From fullness to emptiness back to fullness

I’m Rianna. 

The youngest of five children. 

My siblings are Annie, Marta, Mason and Celine. They are my role models and the highlights of my family gatherings. 

As a child, my life was filled with the usual naivety of a coddled little girl. My days were occupied with fun, joy, laughter and love. But on March 28th, 2012, I became empty. I was 14 years old. I had gone to bed with braids in my hair in order to have an effortlessly wavy look the next day at school. In the wee hours of the morning, I awoke abruptly to the sound of my mother sobbing in my brother’s room, the room next to mine. I fearfully went to see what had happened. I quickly learned that my sister Celine had died. All my joy left my body. My brother earnestly proceeded to call my sisters to announce the news. I went downstairs to join the sad group of my parents and the officers who had come to bear us this. Then I went back to bed like nothing had happened. The next day, I bused to school with my effortlessly wavy hair. Once I arrived, I couldn’t help but cry and tell my friends what had happened, and my dad eventually came to pick me up. The rest of that week is a blur. All I remember is my sister’s lifeless, wax-figure looking body lying in a funeral home down the street from where we lived. Most of my life has felt lifeless since. You never think you’ll lose someone until you do. 

Celine’s life came to a close when she was 23 in a car accident. When her life ended, I began trying to relive her. I wanted to absorb her into my being so that I could never lose her again. Instead of grieving her, I began to study her and her life to learn as much as I could about her in order to use this knowledge to guide my own life. Anything that I could learn, I would. I’d hangout with her friends. Listen to her music. Read her books and her journals. Move to cities she had lived in. Go to schools she had gone to. Anything to feel close to her. If she couldn’t live anymore, I would live for her. And in this I lost myself.

I was seeking well-being by trying to be like my sister. Unsurprisingly, that didn’t work. Then I started to seek it out in others, in myself, in experiences.  Now, I develop my well-being in a multitude of ways that contribute to my health. I also discover new ways every day.

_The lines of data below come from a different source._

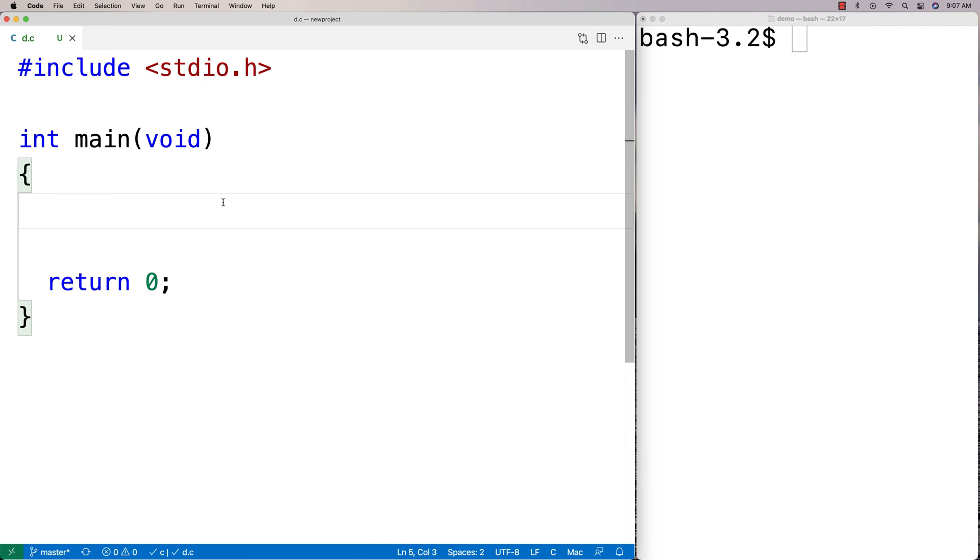In this video, I'm going to go over the strspn function in C, which allows us to determine how many characters in an initial segment of a string are made up of a specific set of characters.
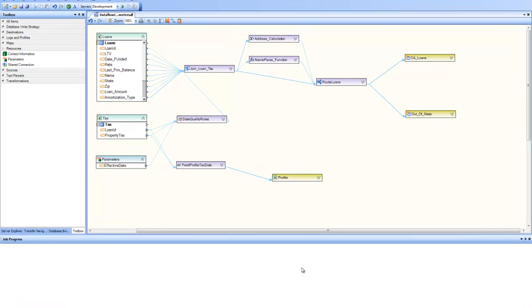Welcome back to the Getting Started series of Centerprise Data Integrator. In part 5 of the series, we're going to have a look at the concept of parameters in Centerprise Data Integrator.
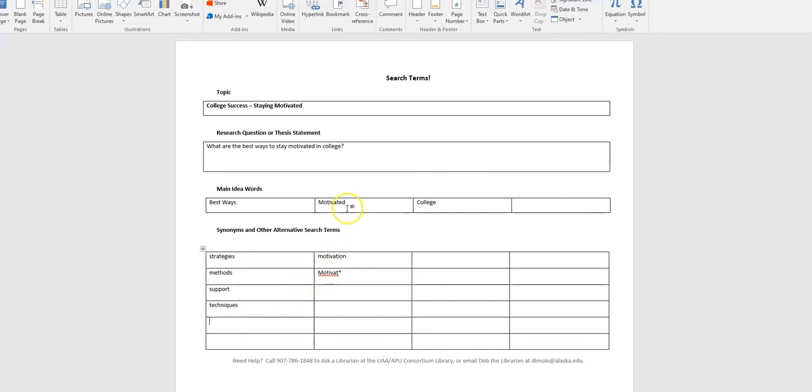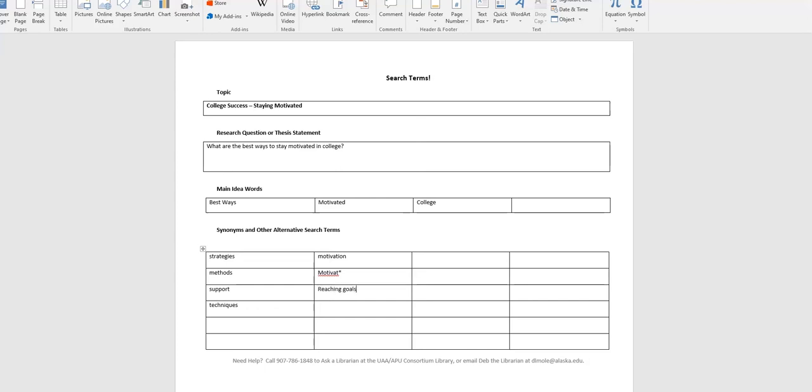For motivated, I've typed in motivation or motivate with an asterisk at the end of the T. Why? As a search word, you can use the asterisk or the wildcard symbol to bring up motivation, motivates, motivating, all by doing that one asterisk search. Other words you could use for motivated include reaching goals or achieving goals, ambitious, involved, perhaps.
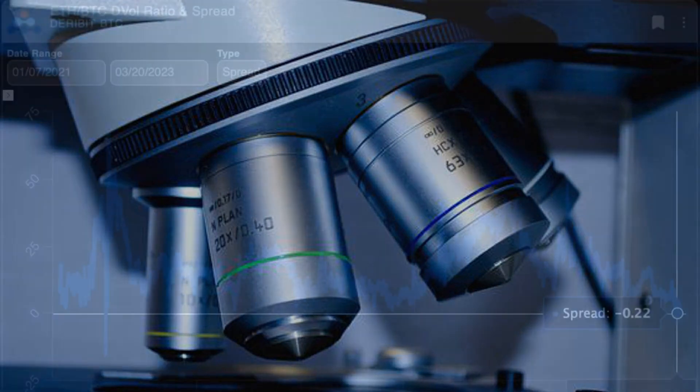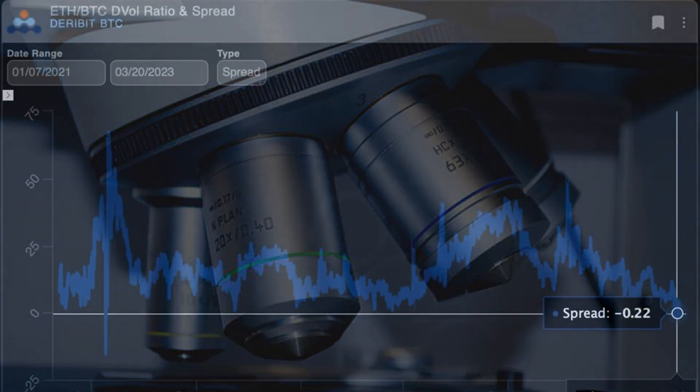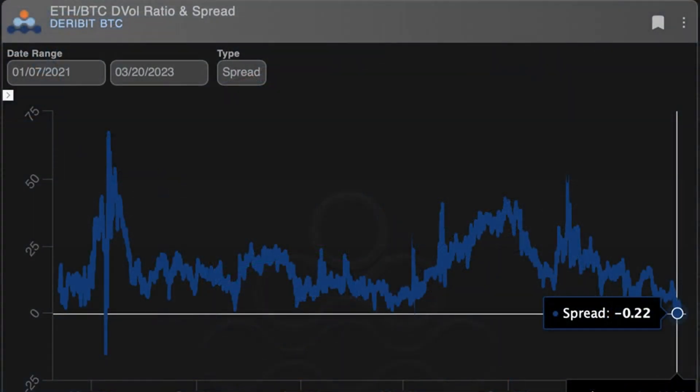For the first time in nearly two years, crypto options traders are implying that the largest cryptocurrency, Bitcoin (BTC), will be more volatile than Ether (ETH).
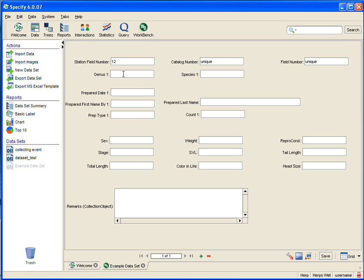Genus could be the same, could be different. This, I'm going to show you a tool in the grid view, so I'm going to skip those for now. Prepared date, I want to talk about in grid view as well, so I'm going to skip that. Prepared by first name could definitely be the same, so I'm going to go ahead and fill that in.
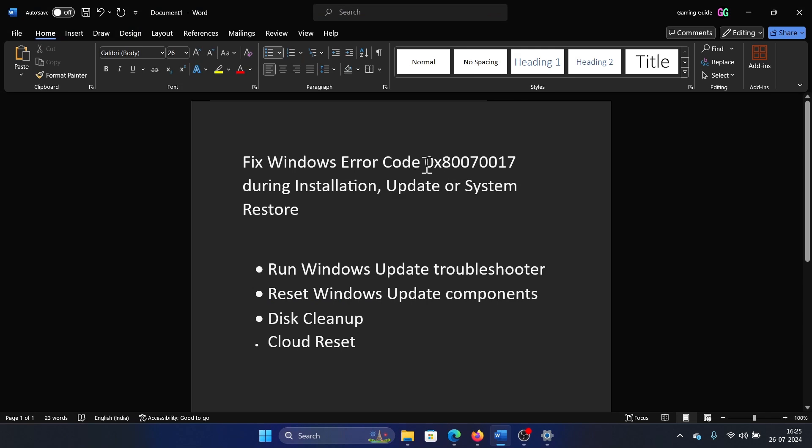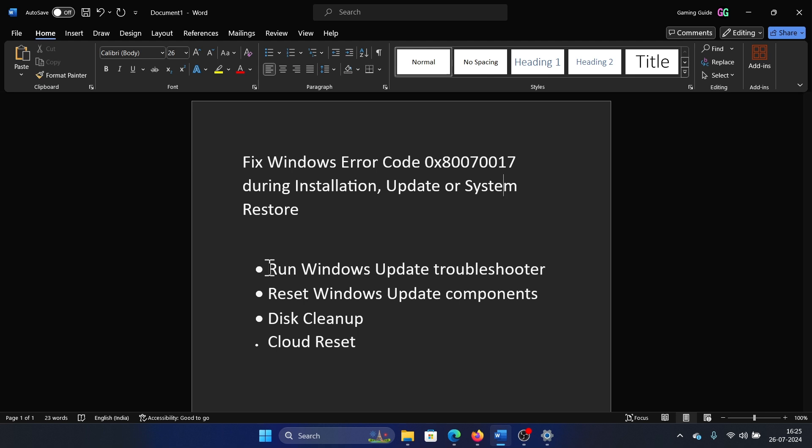Hey friends, if you encounter the error code 0x80070017 during installation, update, or system restore, then please watch this video. I will guide you through the resolutions. Now, we need to understand that the processes and services associated with installation, restore, and Windows updates are not exactly the same but very similar, and a lot of these processes impact each other.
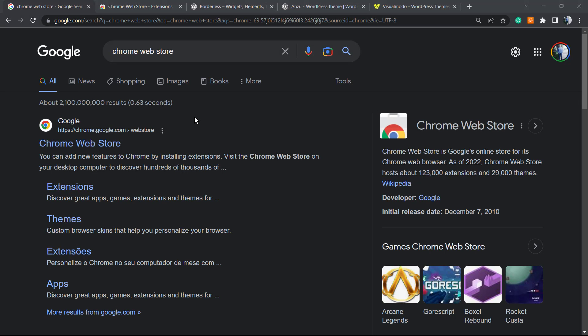What's up guys, here's Claudio from Visualmodo WordPress themes. In today's video, we're gonna learn how to translate a website, a page, or any part of the website to the language you want in an easier way using Google Chrome browser.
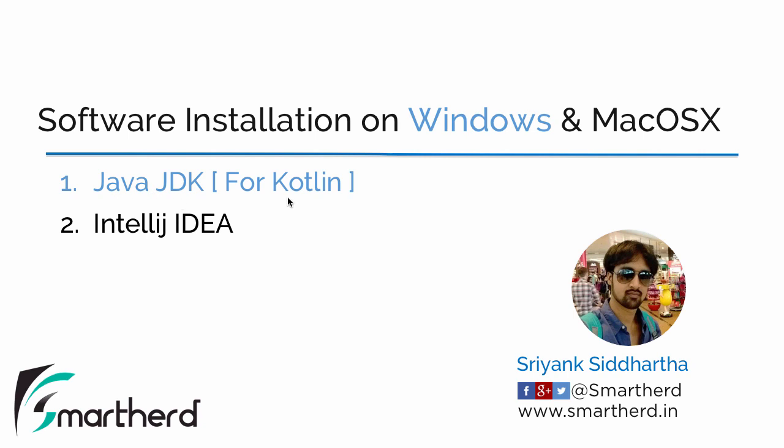Now the Kotlin requires the Java Virtual Machine to execute its program. So we need to have this Java JDK that is the Java development kit that contains the compiler and the interpreter and also the Java runtime environment with the help of which we are going to execute our Kotlin programs. So let us now proceed and install Java JDK in our Windows PC.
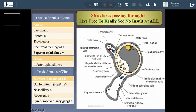To recap: here we have the common tendinous ring and the superior orbital fissure. Passing above are the lacrimal, frontal, and trochlear nerves, the recurrent meningeal artery, and the superior ophthalmic vein. Below is the inferior ophthalmic vein. Inside the common tendinous ring are the optic nerve, ophthalmic artery, sympathetic fibers, the superior and inferior divisions of the oculomotor nerve, the abducent nerve, and the nasociliary nerve.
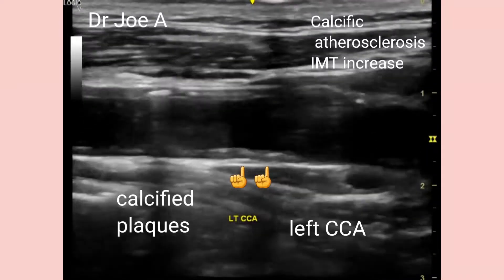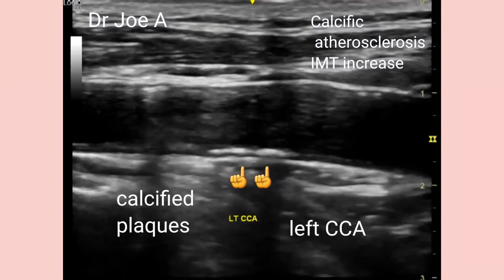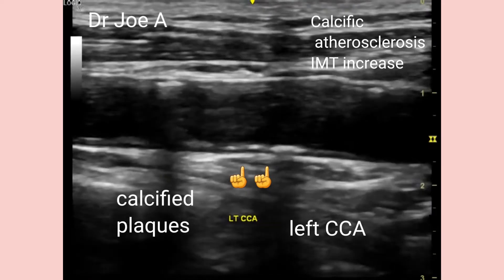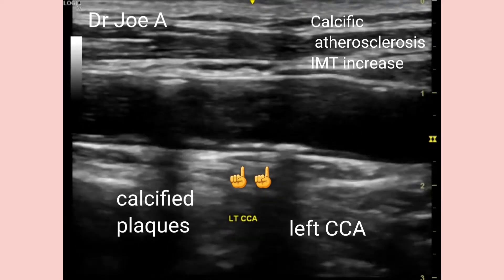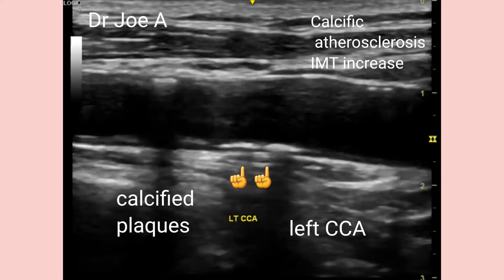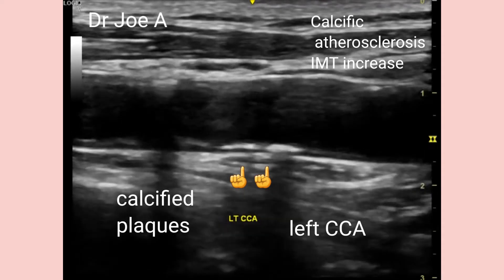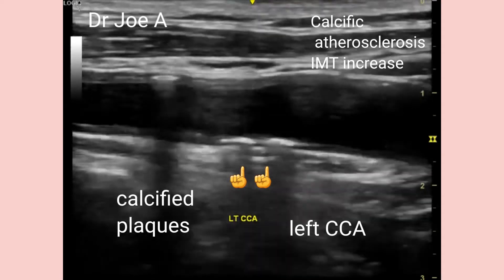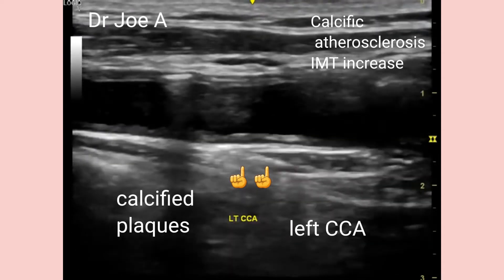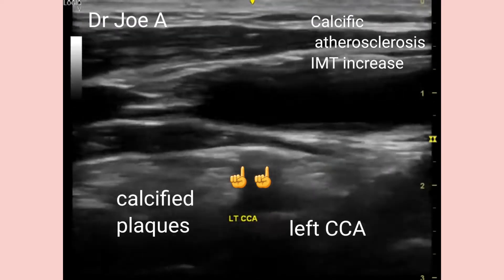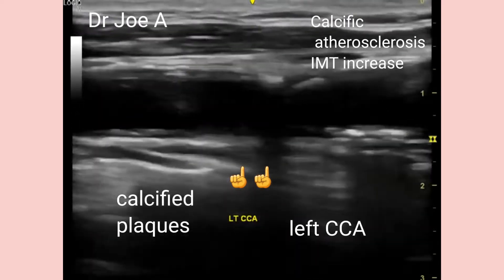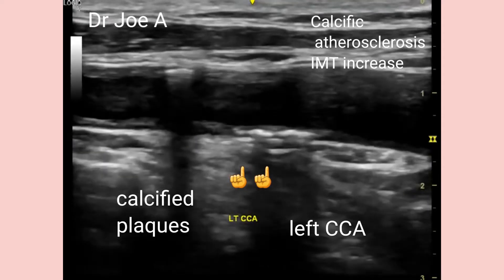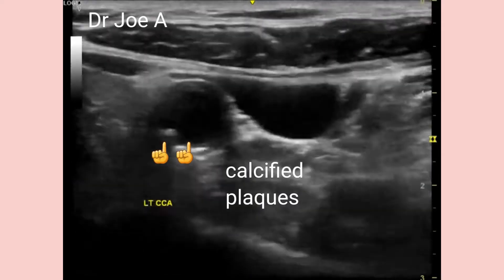This is an elderly male patient with sudden unilateral loss of vision. The left common carotid artery on B-mode ultrasound shows extensive calcific atherosclerosis and increase in intima medial thickness. In this case, the IMT or intima medial thickness varied from 1.2 to 1.4 mm.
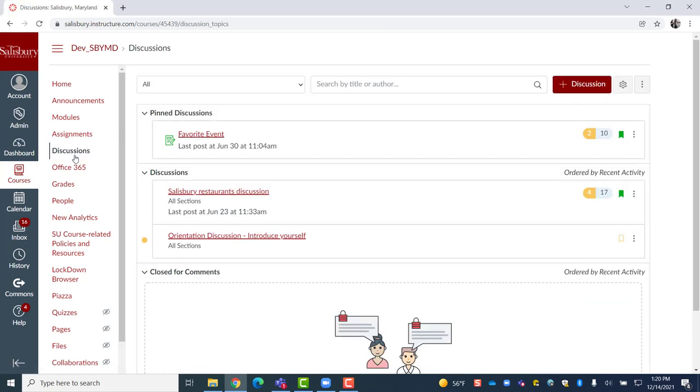At the top of the Discussions page are the pinned discussions. These are discussions that the teacher wants to highlight by pinning them at the top. Under the Discussions tab are the current open discussions. Then at the bottom are previous discussions that are closed for further replies.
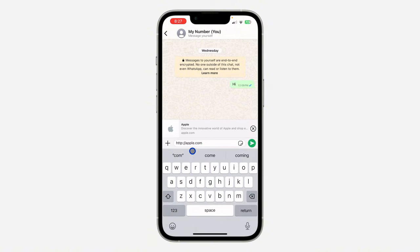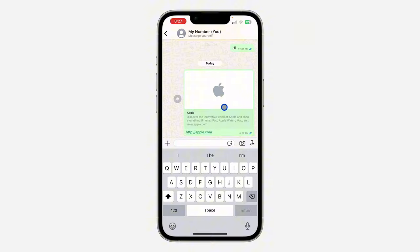Now once you turn it off, try sending another link to the person. Make sure you wait a few seconds before sending it, because sometimes it's going to take a few seconds for the preview to show. As you can see, the preview is now showing, so let's send the link.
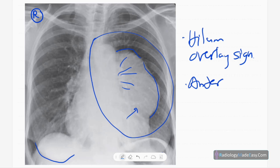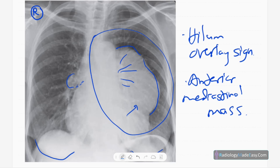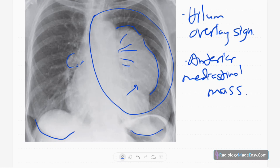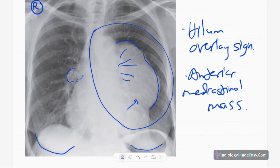You can clearly see the hilum overlay sign is positive and the heart border is obscured, confirming an anterior mediastinal mass. You can also see another small mass in the right hilar region — hilar prominence is noted there as well. There are no destructions or prominence in the right paratracheal region.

Well-being to me is doing yoga in my living room with some incense burning in the back, it’s walking home from school as the sun sets while listening to my favorite songs, it’s dancing in my kitchen to throwback songs with my friends, it’s family board game nights, it’s cuddling with the person I love. It’s indulging in everything it means to be alive and young, like my sister did when she was around.

After what happened to me when I was 14, I never thought I’d be well again. But I’m able to find moments of well-being in all of my days. That’s what makes them worth living. Even though my sister is gone, I’m still here and I can explore what gives me delight. I have to. We all have to.